*** Opening of Source records ***

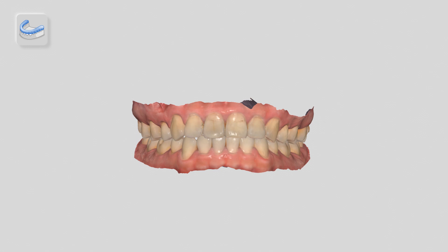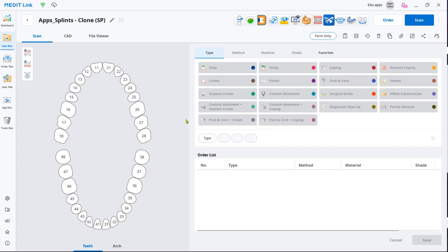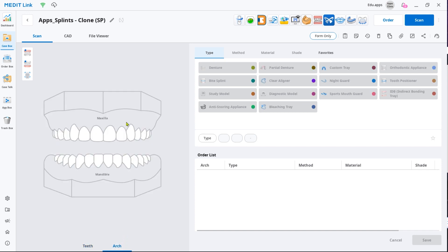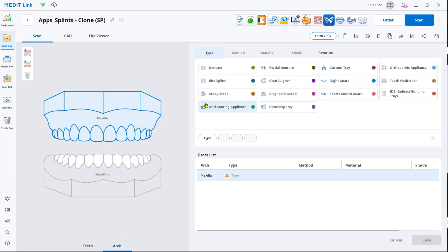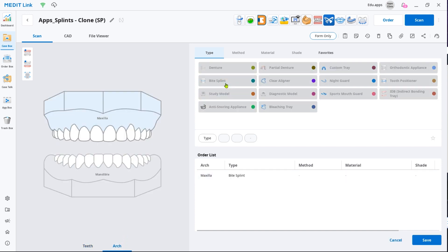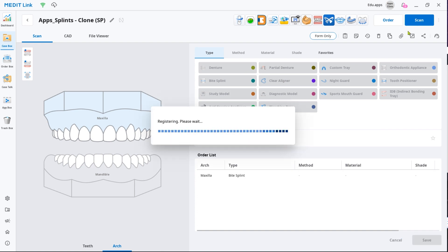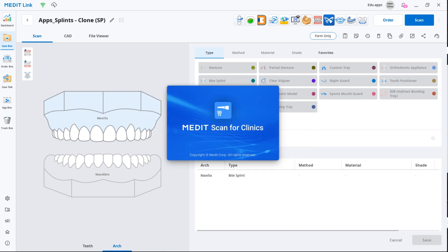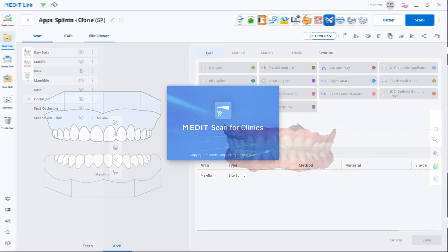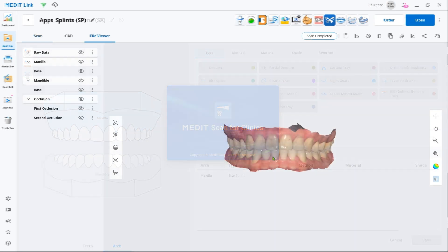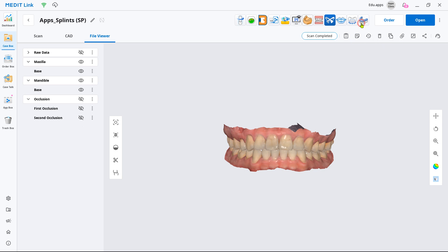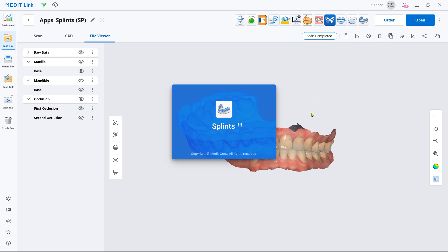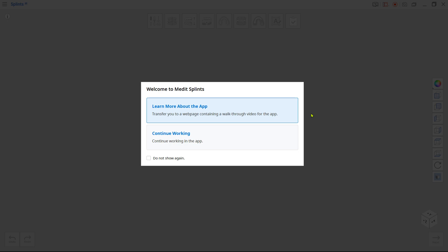To create the splint you'll first need the scan data. Create a new case, select the arch tab at the bottom and choose bite splint as the product type. Then click scan and capture data for both maxilla and mandible. Once you have the data, run Medit splints from the top of the case detail window.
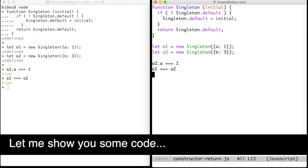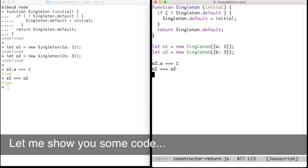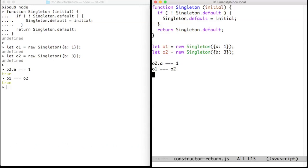Let me show you some code. By default, a constructor terminates with an implicit last instruction which is return this. However, you may return explicitly another value that will become the created object.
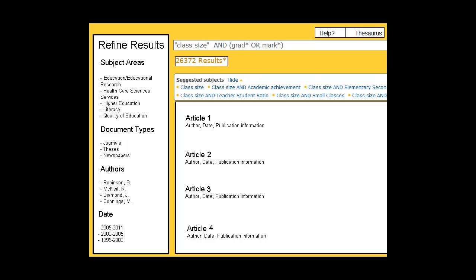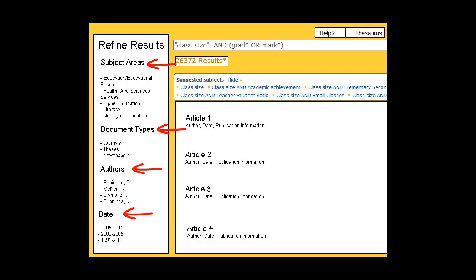Most databases have categories that appear in a column on the left or the right of the page. By clicking on the categories you find most relevant, like date, subject, or resource type, you are further narrowing your search. Some databases allow you both to include and exclude categories too.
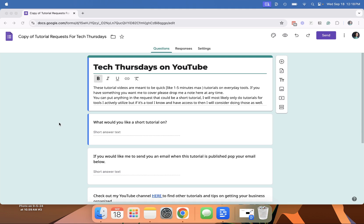In this video, I'm going to show you how to get email notifications for your Google Forms. I just made a copy of a Google Form that I have for this very series, Tech Thursdays on YouTube.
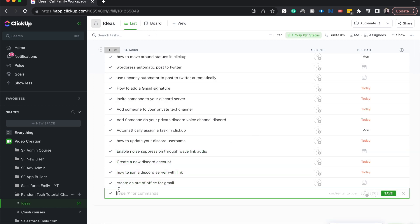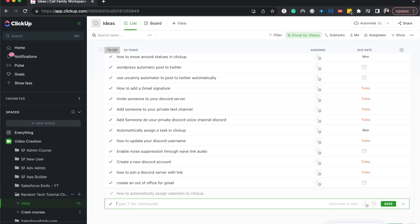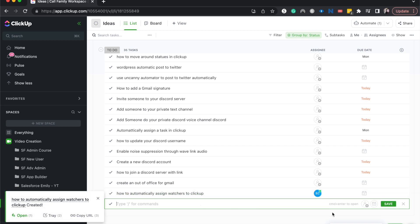I'm just going to say 'how to automatically assign watchers to ClickUp.' It's probably a good idea. And there we go - it automatically assigned it to myself.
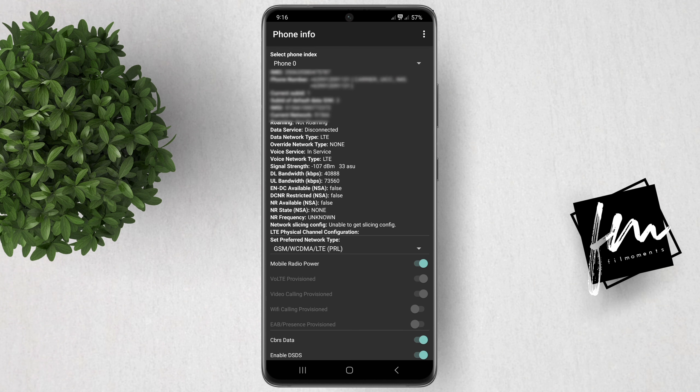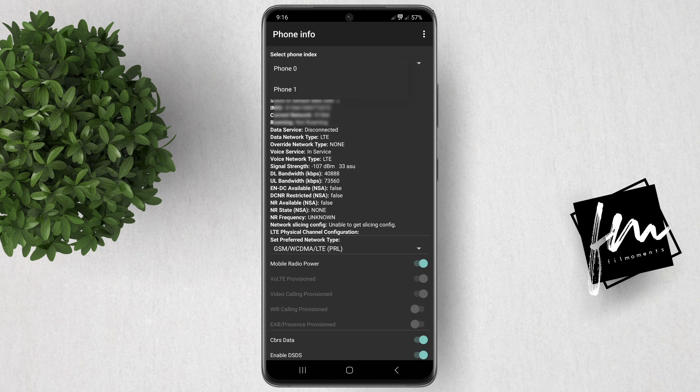If you're using a dual SIM device just like mine, select the network that you want to set to 5G-only by clicking this drop-down arrow right here. Phone 0 is for SIM 1 and Phone 1 is for SIM 2. For example, I want to set my SIM 1 to 5G-only, so I select Phone 0.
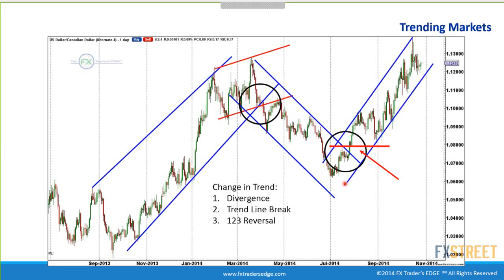We actually move down further on this daily chart. You're not getting in at the top, but you're getting a nice move. And then in the opposite direction, the same thing happens — you draw your channel lines, and when you break out, you have a trend line break, divergence, and a 1-2-3 reversal. If you just draw your trend lines and do this simple analysis, you will be ahead of the pack in finding trend reversal points.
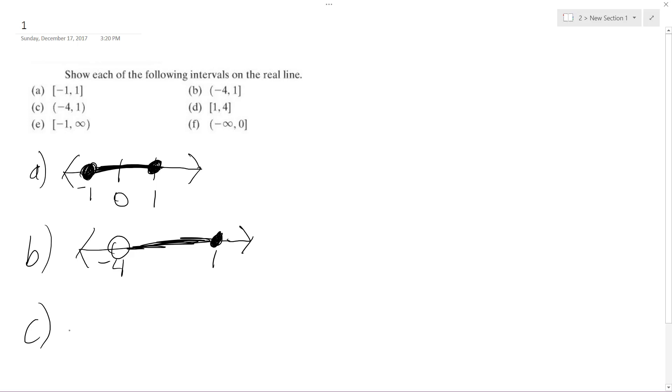For C, negative four. Oh, oops. Yeah, that's right. So same thing as B, except neither endpoint is counted.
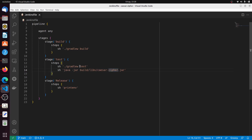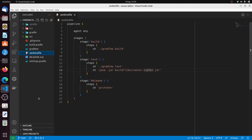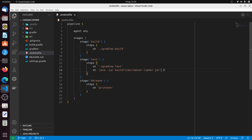In our case we are using Gradle. To build we use 'gradlew build', and to test we use the corresponding Gradle test command. When we build, a new directory called 'build' will be created. Inside that new directory there will be a subdirectory containing the JAR file, and we need this JAR file to run the Java application.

*** Close of Source records ***

*Assignment*: Only lines belong in the copy: transcribe those from the start of the data through the line that contains "If you're using", and skip the pictures.

*Written solution*:
To create the splint you'll first need the scan data. Create a new case, select the arch tab at the bottom and choose bite splint as the product type. Then click scan and capture data for both maxilla and mandible. Once you have the data, run Medit splints from the top of the case detail window.
Let me show you some code. By default, a constructor terminates with an implicit last instruction which is return this. However, you may return explicitly another value that will become the created object.
Most databases have categories that appear in a column on the left or the right of the page. By clicking on the categories you find most relevant, like date, subject, or resource type, you are further narrowing your search. Some databases allow you both to include and exclude categories too.
In this video, I'm going to show you how to get email notifications for your Google Forms. I just made a copy of a Google Form that I have for this very series, Tech Thursdays on YouTube.
I'm just going to say 'how to automatically assign watchers to ClickUp.' It's probably a good idea. And there we go - it automatically assigned it to myself.
If you're using a dual SIM device just like mine, select the network that you want to set to 5G-only by clicking this drop-down arrow right here. Phone 0 is for SIM 1 and Phone 1 is for SIM 2. For example, I want to set my SIM 1 to 5G-only, so I select Phone 0.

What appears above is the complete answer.